Nobody knows what resolution you print things when they see the print. If the average joe "knew" how the photo was made, they might scoff at it. I guess people think that craft requires fine precision at all steps of every process. Certain craft does, but some other craft requires randomization and binning, and others have diminishing returns on extra effort. So I find it kind of fun to print low-resolution photos. Feels like I'm winning a game against overly officious critics.




> Gradients don't provide enough change to see the edges between colors. You can see it on a computer screen because the screen amplifies the contrast of the image (another old lesson I eventually had to relearn so as to compensate when making prints of digital photos).

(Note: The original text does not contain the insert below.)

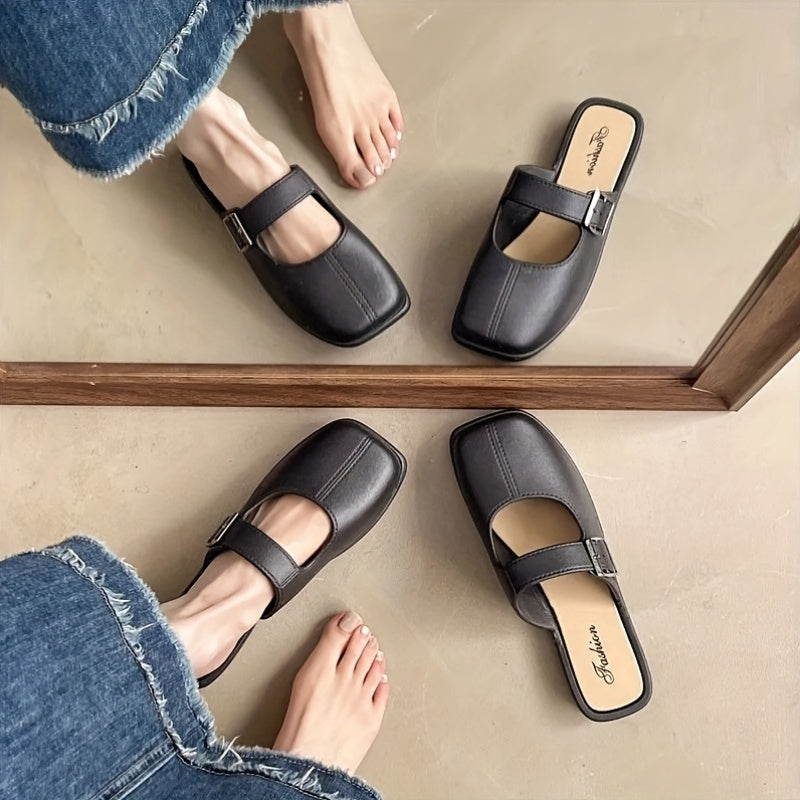 Women's Casual Half-Closed Comfortable Lightweight Shoes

> Nobody knows what resolution you print things when they see the print.

Well sure, you're right about the gradient thing, but what if you have an image with some really sharp, contrasted edges?

Just anecdata, but my family and I were walking through a seasside town a while back and ended up in an artist's shop. Took a look at some photographic prints on the wall (going for $50-$150+, as "artisan" stuff often does), and I had to call my partner over to look at them because I couldn't believe they were all pixelated! Some of them quite badly. I was about 18 inches away from them, I guess, and they looked to have been printed at about 100 dpi. Sure, you probably don't need 300 DPI for large wall prints, but I'd rather have a margin of error and not have that happen to one of my prints. Most people aren't likely to notice flaws in printed images, and are even less likely to tell the owner if they do.

I guess it's possible the shots sent to the printer were badly compressed JPEGs, but that seems unlikely.


It not only depends on the image content, but how you send the image to the printer.

Print engines can apply nearest-neighbor interpolation which results in visible, blocky pixels. If they'd upsampled the image with lanczos or another higher-quality algorithm before sending it to the printer, it would have looked like it was just a touch out of focus.